[Saved entries]
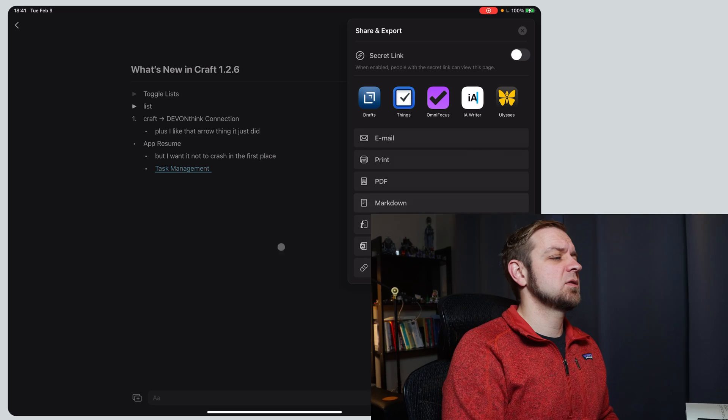That's really it. Just a few new features in craft 1.2.6. The big thing I really think is the toggle list. And app resume is nice, but it just should not crash in the first place. That's it.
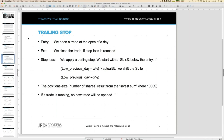The trailing stop strategy means we open a trade and that trade gets a stop loss X percent below our entry. Then for the next coming days we always look for the last low of the previous day. If that low minus our X percent is above the actual stop loss, then we shift our stop loss upward. That's one way for applying a trailing stop — quite easy.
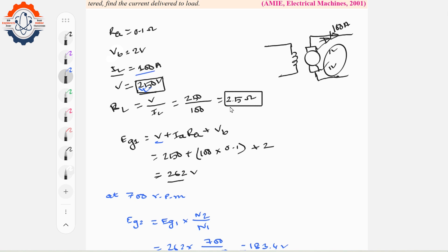Here we learn how to find the load resistance. Using the MPR formula and load resistance values, we set up the equation to solve for the new current.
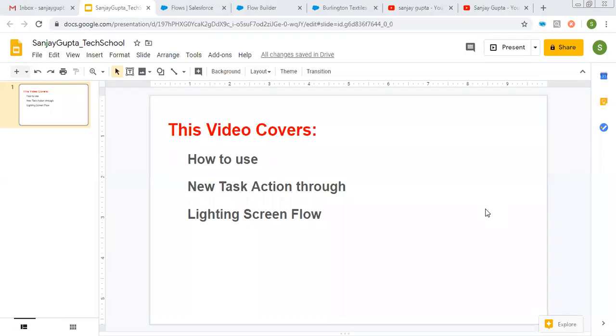Hello friends, I am Sanjay Gupta. I welcome you on Sanjay Gupta Tech School. In this video, I am going to demonstrate how to use new task action through lightning screen flow.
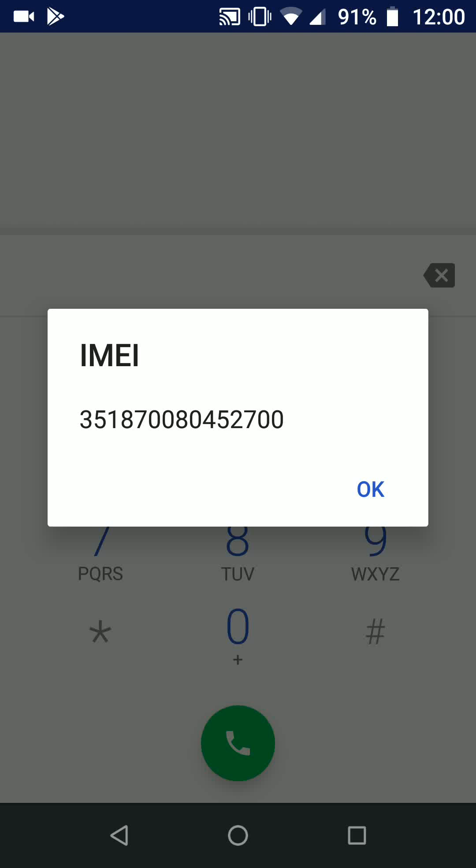With this 15-digit number you can check the hardware specification, warranty, or blacklist status of your phone.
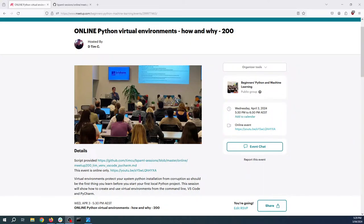Hello and welcome to Beginners Python and Machine Learning. My name is Tim Cummings. Every week we try to present a session on something to do with studying to program in Python or getting started in machine learning.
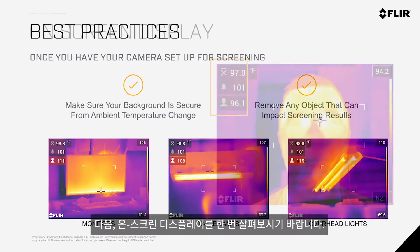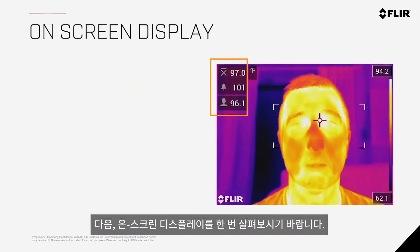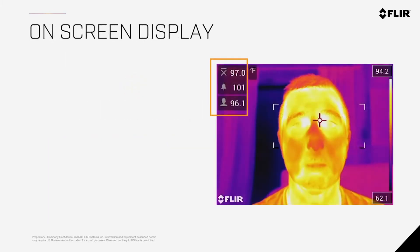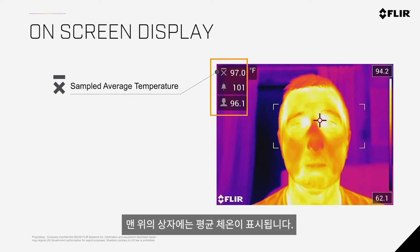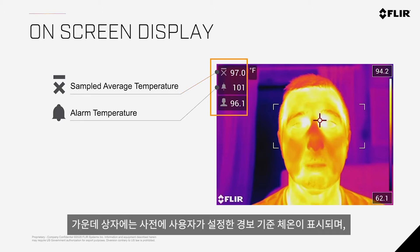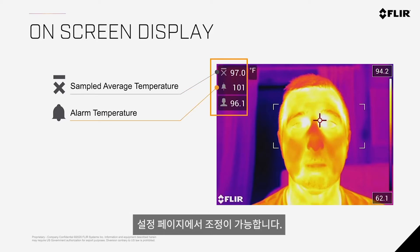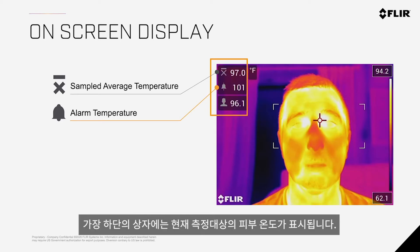Let's turn our attention over to the on-screen display. On the screen, you will see three temperature boxes displayed in the upper left-hand corner. The topmost box displays the average temperature. The middle box displays the set alert temperature, which can be adjusted in the screening mode setup page. And the bottom displays the current subject's skin temperature.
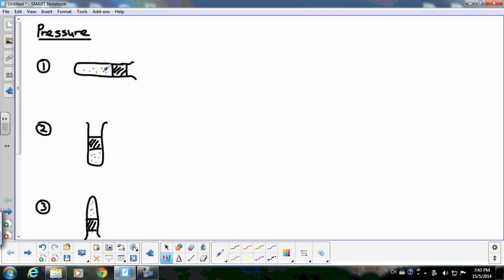When the tube is horizontal, the pressure acting on the left surface and the pressure acting on the right surface are the same. Because pressure is due to everything above it, but there is nothing above it in this case. The pressure on the right side is atmospheric pressure, so this pressure also must be atmospheric pressure.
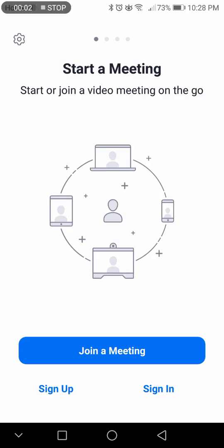Hey guys, welcome back to my Zoom video series. In this video, I'm going to show you how to access the settings for people that do not have an account, that just want to use, sign, and join meetings.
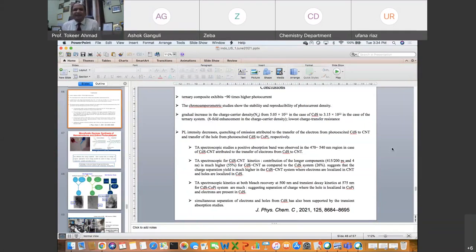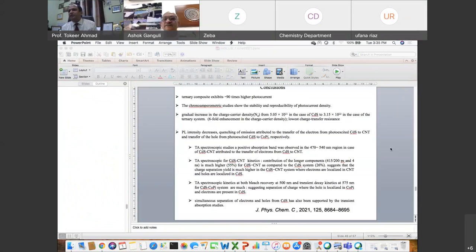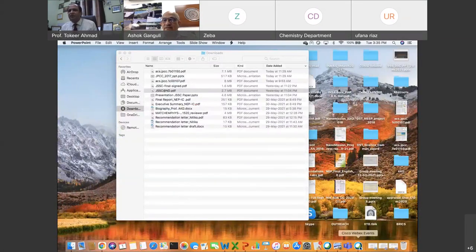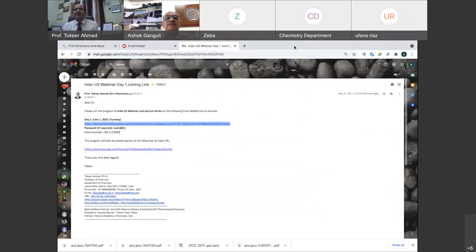Thank you to all the audience participants for being with us since morning. I hope all of you have submitted your feedback forms, either through the WebEx or YouTube link. The Google feedback form is already shared in the WebEx and YouTube chat box; those who have not submitted can do so by 4:30. Tomorrow we will start our session at 10:00, so please reassemble at 9:45.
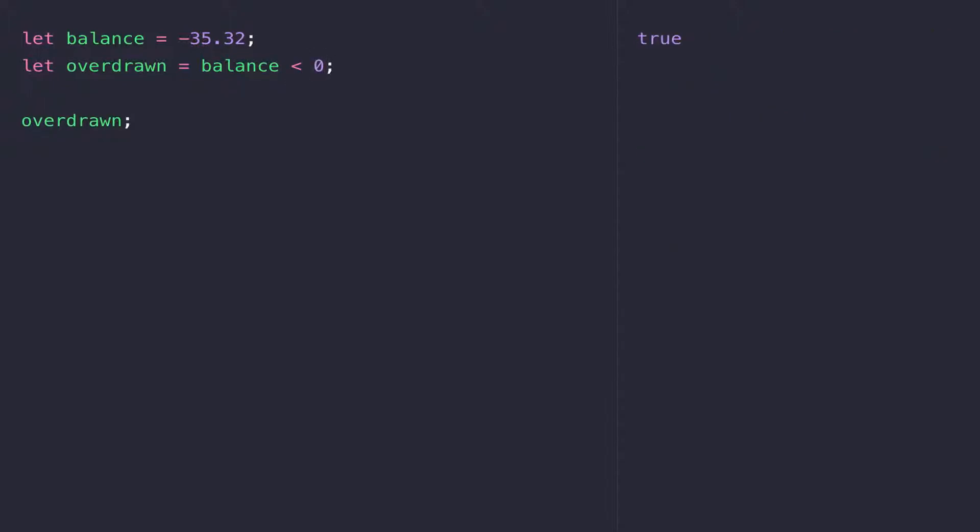This balance is less than zero is what we call a boolean expression. When we come to look at if statements, we'll dive into these in more detail. But I just wanted to show you that you can set a variable to true or false, but it's more common to be assigned from the result of a boolean expression like this.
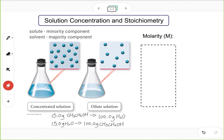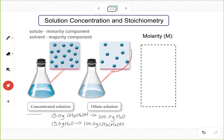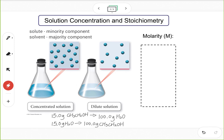If your solution has a lot of solute particles, we say it is a concentrated solution. If your solution has not too many solute particles, we say it is a dilute solution. Of course, it's not always clear how concentrated is concentrated enough — that's why we need a parameter to tell us specifically how concentrated the solution is. That's why we have molarity.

YOUR TASK | The copy you produce must hold all the records above exactly and none of their pictures.

REPLY TO THE TASK |
That's really it. Just a few new features in craft 1.2.6. The big thing I really think is the toggle list. And app resume is nice, but it just should not crash in the first place. That's it.
The trailing stop strategy means we open a trade and that trade gets a stop loss X percent below our entry. Then for the next coming days we always look for the last low of the previous day. If that low minus our X percent is above the actual stop loss, then we shift our stop loss upward. That's one way for applying a trailing stop — quite easy.
Here we learn how to find the load resistance. Using the MPR formula and load resistance values, we set up the equation to solve for the new current.
Hello friends, I am Sanjay Gupta. I welcome you on Sanjay Gupta Tech School. In this video, I am going to demonstrate how to use new task action through lightning screen flow.
With this 15-digit number you can check the hardware specification, warranty, or blacklist status of your phone.
Hello and welcome to Beginners Python and Machine Learning. My name is Tim Cummings. Every week we try to present a session on something to do with studying to program in Python or getting started in machine learning.
Let's turn our attention over to the on-screen display. On the screen, you will see three temperature boxes displayed in the upper left-hand corner. The topmost box displays the average temperature. The middle box displays the set alert temperature, which can be adjusted in the screening mode setup page. And the bottom displays the current subject's skin temperature.
When the tube is horizontal, the pressure acting on the left surface and the pressure acting on the right surface are the same. Because pressure is due to everything above it, but there is nothing above it in this case. The pressure on the right side is atmospheric pressure, so this pressure also must be atmospheric pressure.
Hey guys, welcome back to my Zoom video series. In this video, I'm going to show you how to access the settings for people that do not have an account, that just want to use, sign, and join meetings.
Thank you to all the audience participants for being with us since morning. I hope all of you have submitted your feedback forms, either through the WebEx or YouTube link. The Google feedback form is already shared in the WebEx and YouTube chat box; those who have not submitted can do so by 4:30. Tomorrow we will start our session at 10:00, so please reassemble at 9:45.
This balance is less than zero is what we call a boolean expression. When we come to look at if statements, we'll dive into these in more detail. But I just wanted to show you that you can set a variable to true or false, but it's more common to be assigned from the result of a boolean expression like this.
If your solution has a lot of solute particles, we say it is a concentrated solution. If your solution has not too many solute particles, we say it is a dilute solution. Of course, it's not always clear how concentrated is concentrated enough — that's why we need a parameter to tell us specifically how concentrated the solution is. That's why we have molarity.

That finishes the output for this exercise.